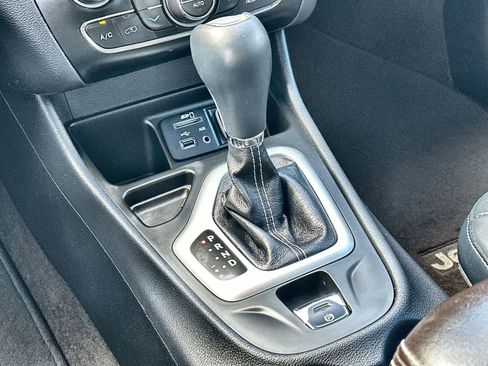 Used 2014 Jeep Cherokee Limited image 23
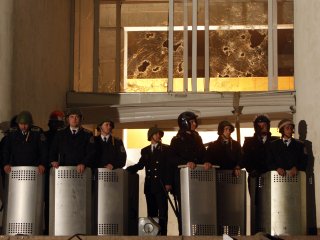 Сотрудники батальонов полиции особого назначения заняли позиции внутри и снаружи основных зданий государственной власти в Кишиневе: правительства, парламента и администрации президента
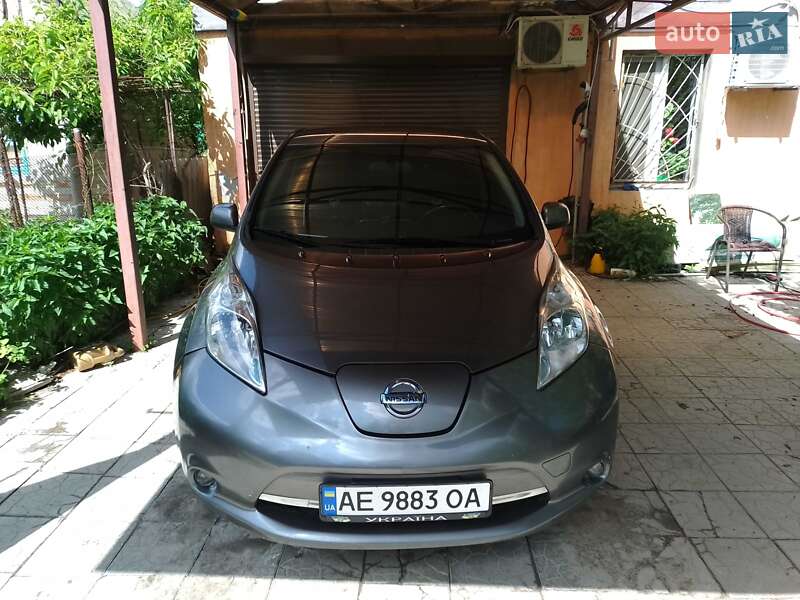 Хэтчбек Nissan Leaf 2015 в Днепре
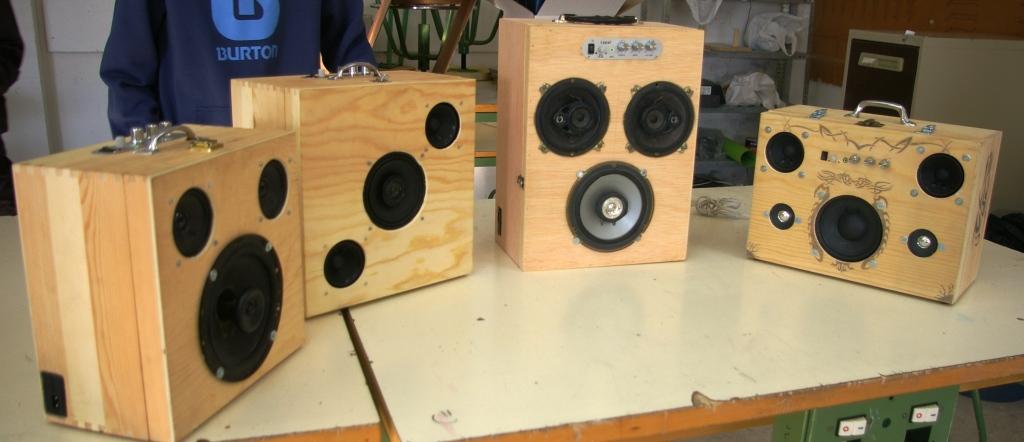 MARGTECNOLOGÍA: Cómo hacer un amplificador portátil para el móvil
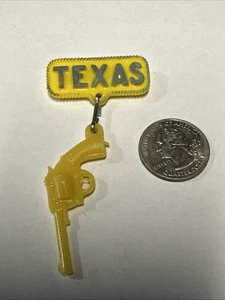 Vintage 1948 Lions Club Plastic Pin Pistol Texas MD-2 - Picture 1 of 2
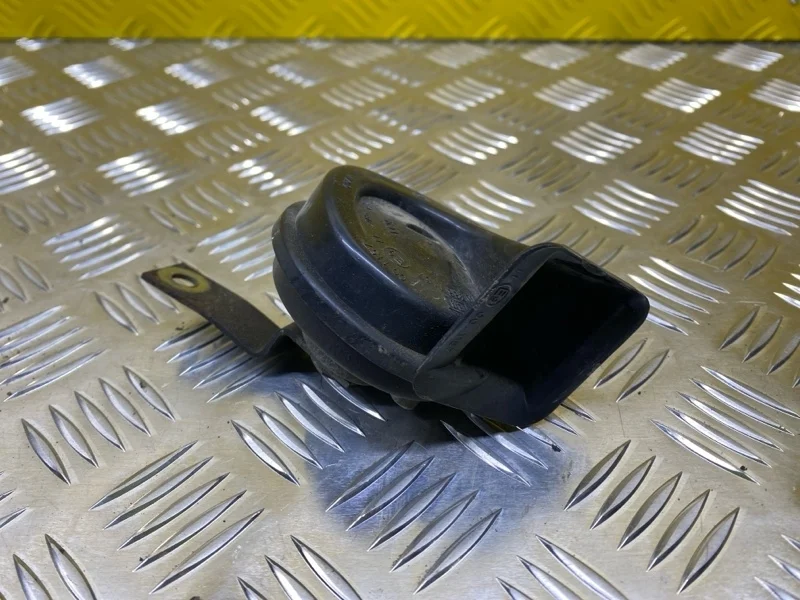 Сигнал звуковой Nissan Pathfinder (R51M) 2004-2013 2007 25620EB300 2.5 D YD25DDTI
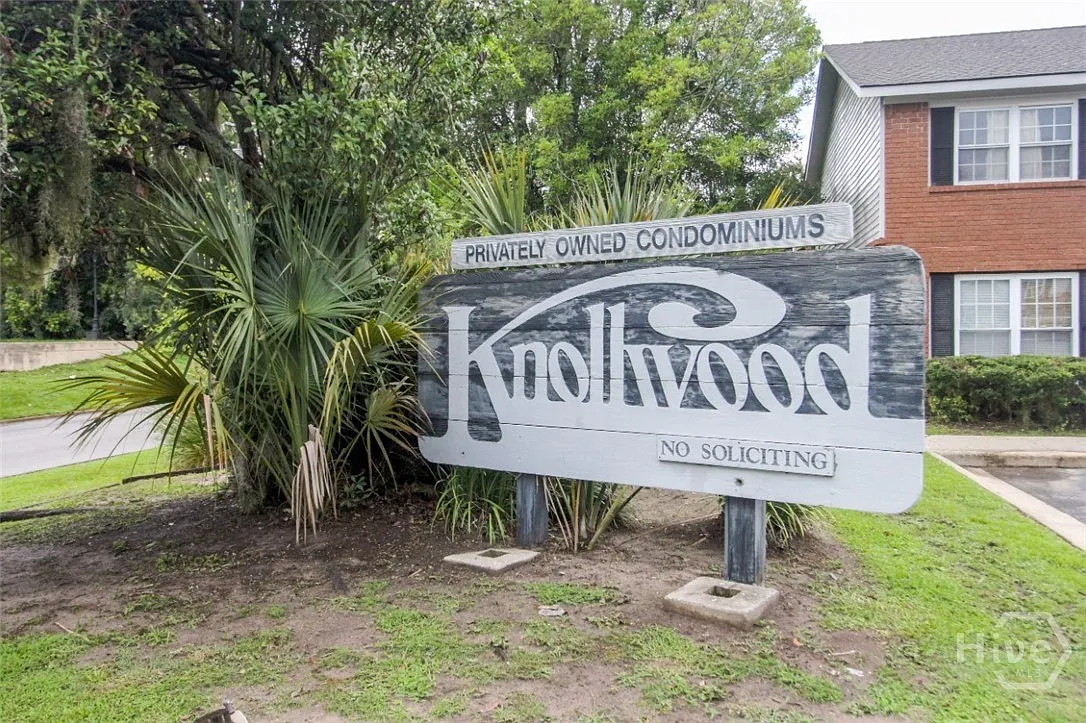 Building Photo - Knollwood Cir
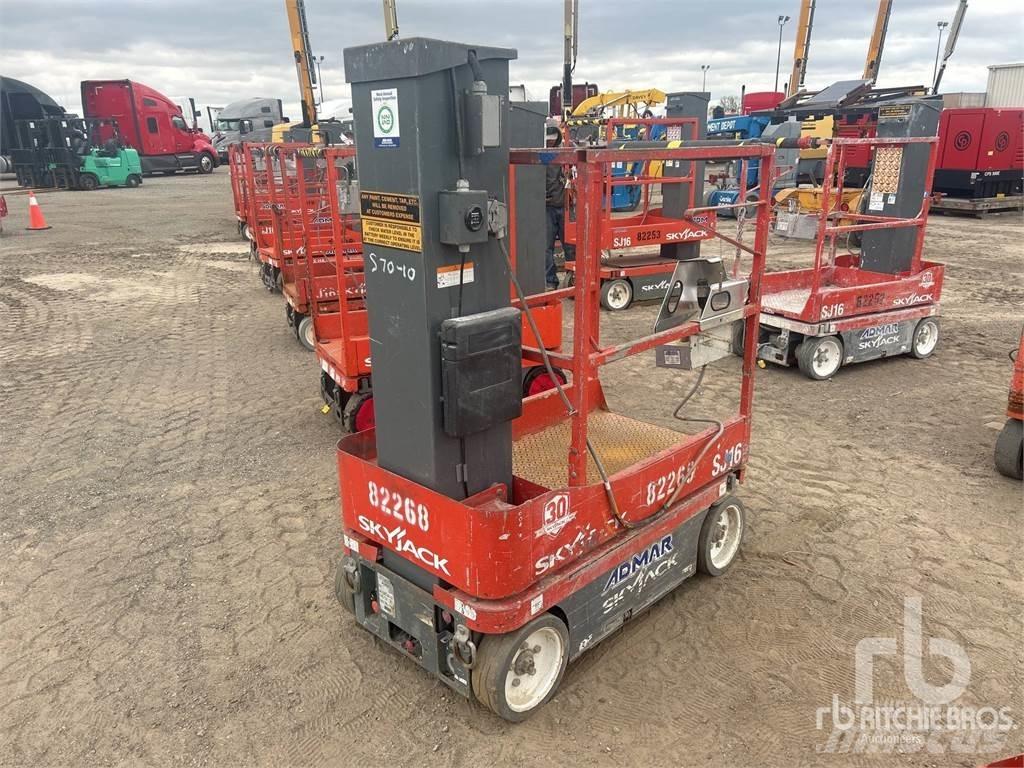 SkyJack SJ16 Підйомно-транспортне обладнання і вантажні ліфти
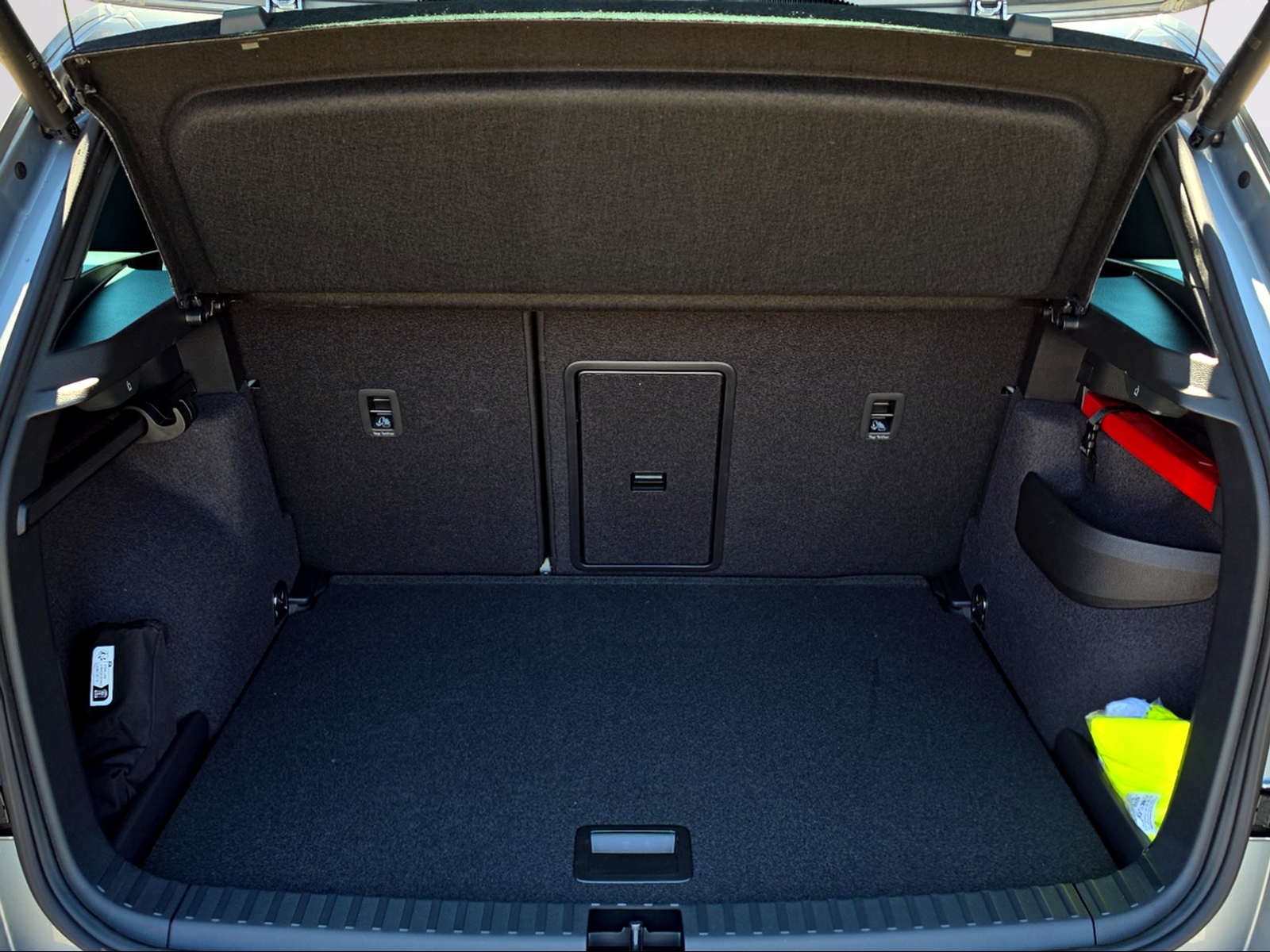 SKODA Karoq 2.0 TSI SportLine 4x4 DSG-image-5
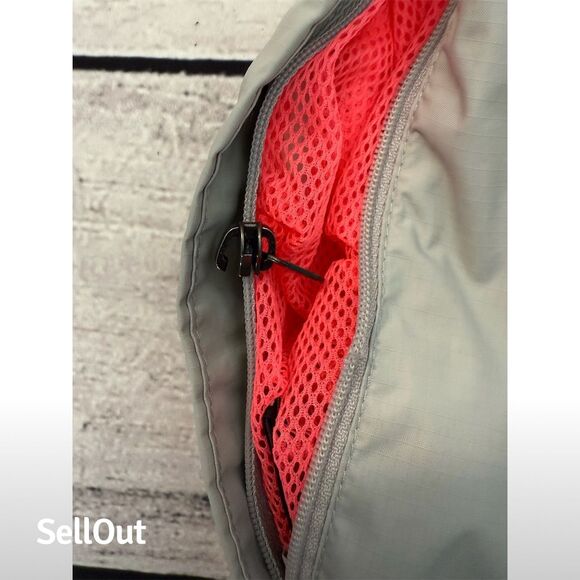 The North Face Women's Hooded Jacket Sz.LG Gray Casual - Picture 11 of 11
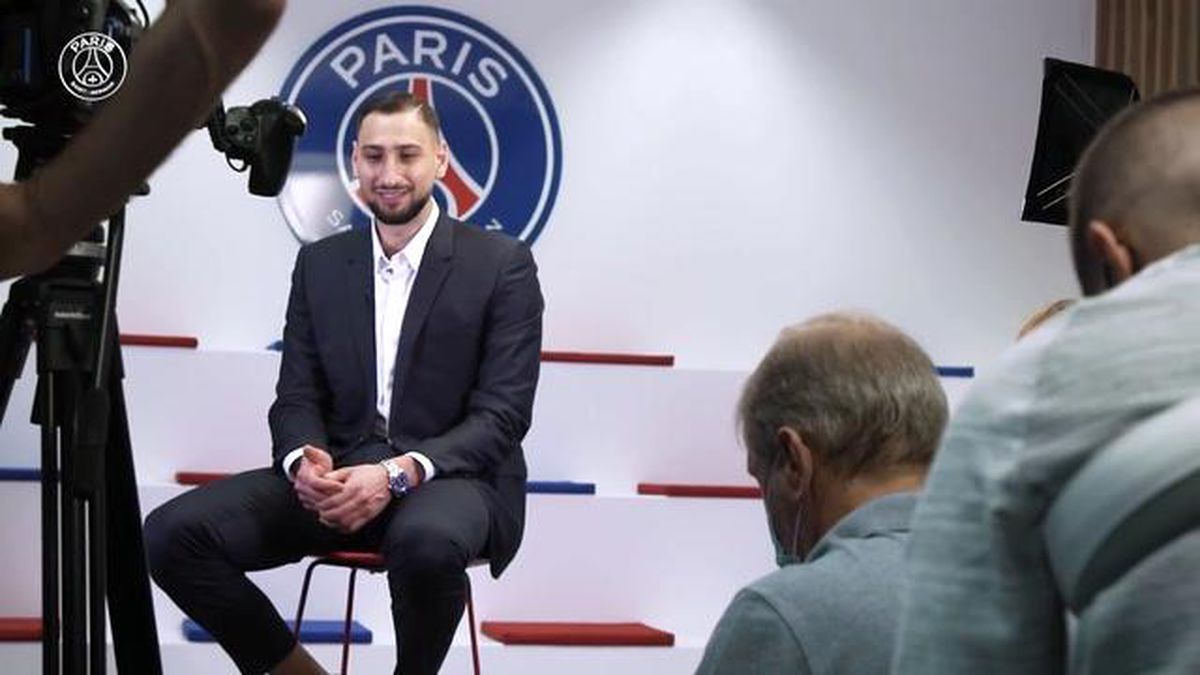 Donnarumma Paris Saint Germain\'de!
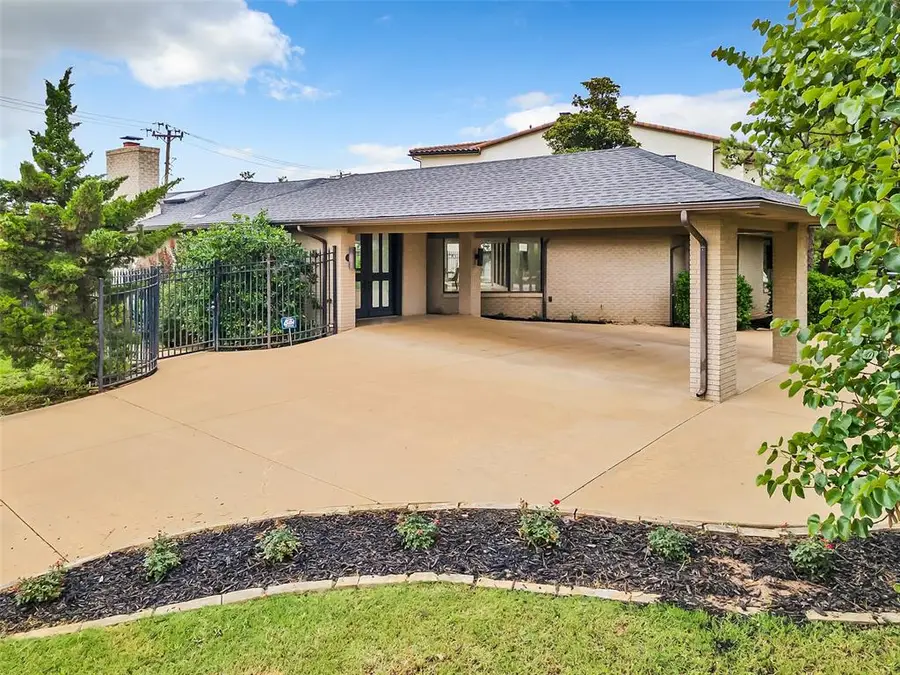 6601 Avondale Drive, Nichols Hills, OK 73116 - #2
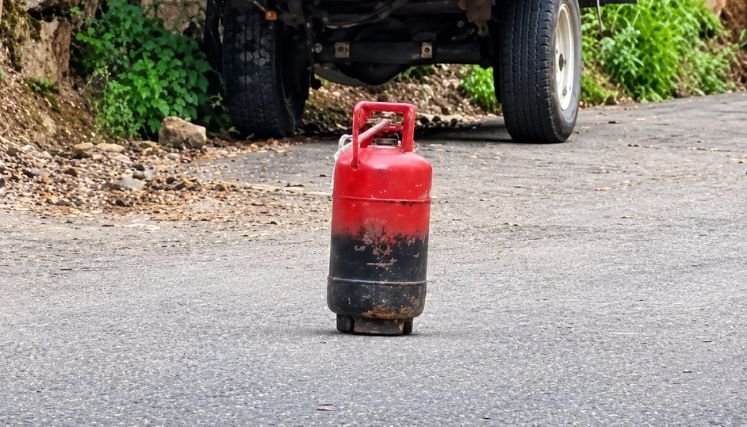Una situación bastante simpática se presenta en el municipio de El Carmen donde una persona en estado de embriaguez retira un supuesto cilindro bomba.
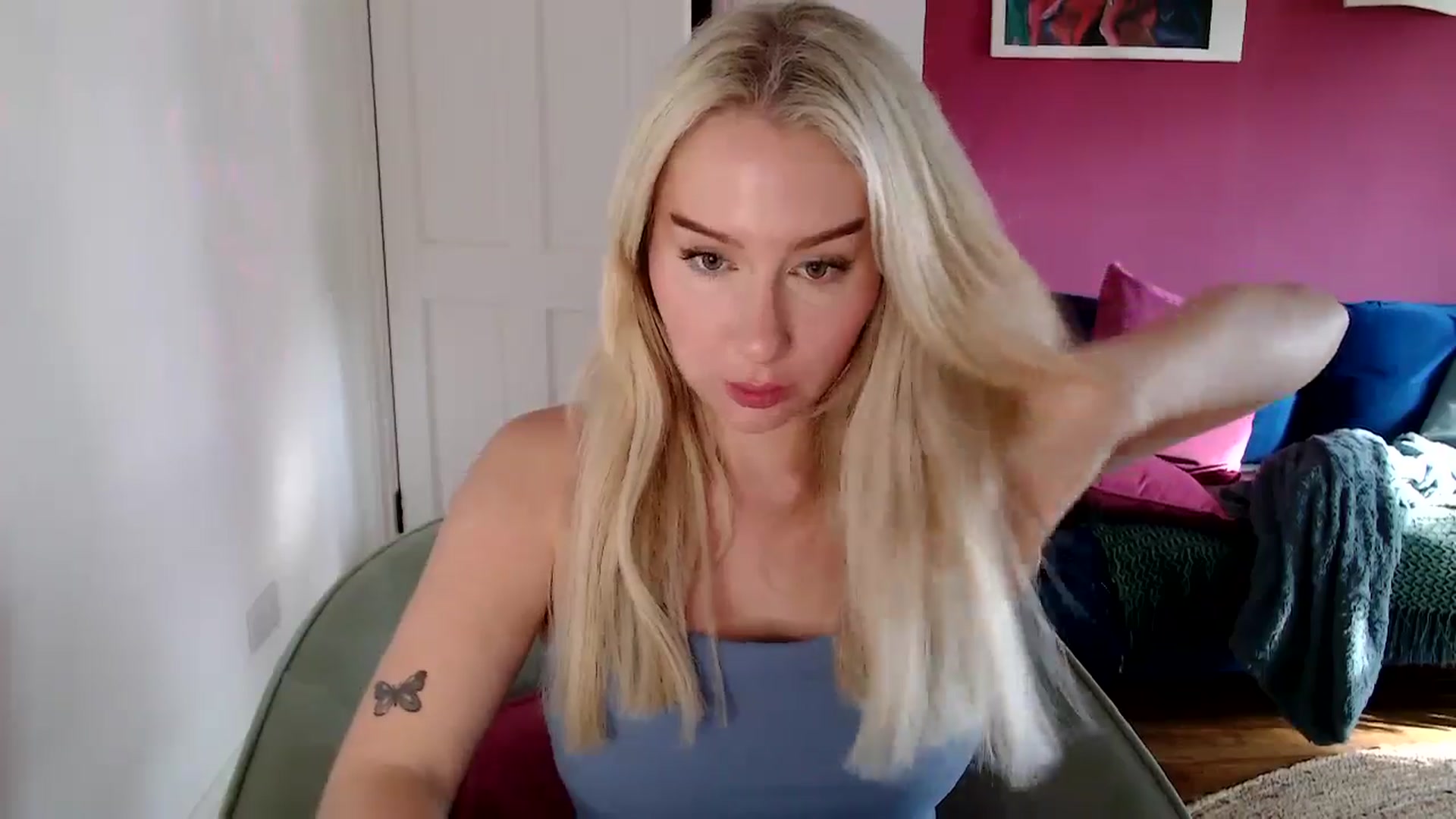 Gallery image thumbnail from PetiteAvax's myfreecams stream on, 10/16/2024, 14:22 image 4 of 20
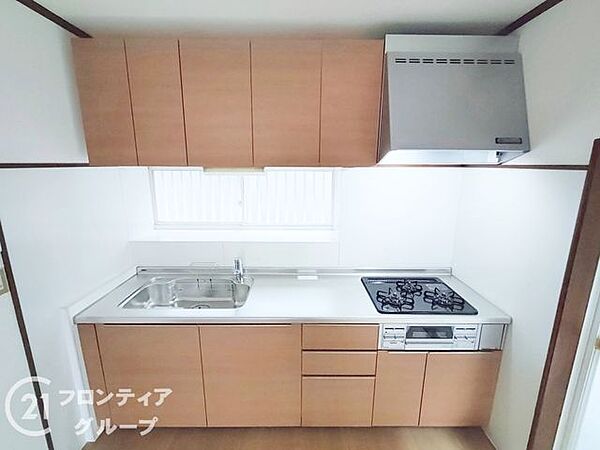 明るい色調のカウンターキッチンは、清潔感があり、毎日の料理が楽しくなる空間です。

Work item | From the line with "Хэтчбек Nissan Leaf 2015 в Днепре" through the end of the listing, write out every line exactly, leaving out the pictures.

Solution for this task |
 Хэтчбек Nissan Leaf 2015 в Днепре
 MARGTECNOLOGÍA: Cómo hacer un amplificador portátil para el móvil
 Vintage 1948 Lions Club Plastic Pin Pistol Texas MD-2 - Picture 1 of 2
 Сигнал звуковой Nissan Pathfinder (R51M) 2004-2013 2007 25620EB300 2.5 D YD25DDTI
 Building Photo - Knollwood Cir
 SkyJack SJ16 Підйомно-транспортне обладнання і вантажні ліфти
 SKODA Karoq 2.0 TSI SportLine 4x4 DSG-image-5
 The North Face Women's Hooded Jacket Sz.LG Gray Casual - Picture 11 of 11
 Donnarumma Paris Saint Germain\'de!
 6601 Avondale Drive, Nichols Hills, OK 73116 - #2
Una situación bastante simpática se presenta en el municipio de El Carmen donde una persona en estado de embriaguez retira un supuesto cilindro bomba.
 Gallery image thumbnail from PetiteAvax's myfreecams stream on, 10/16/2024, 14:22 image 4 of 20
 明るい色調のカウンターキッチンは、清潔感があり、毎日の料理が楽しくなる空間です。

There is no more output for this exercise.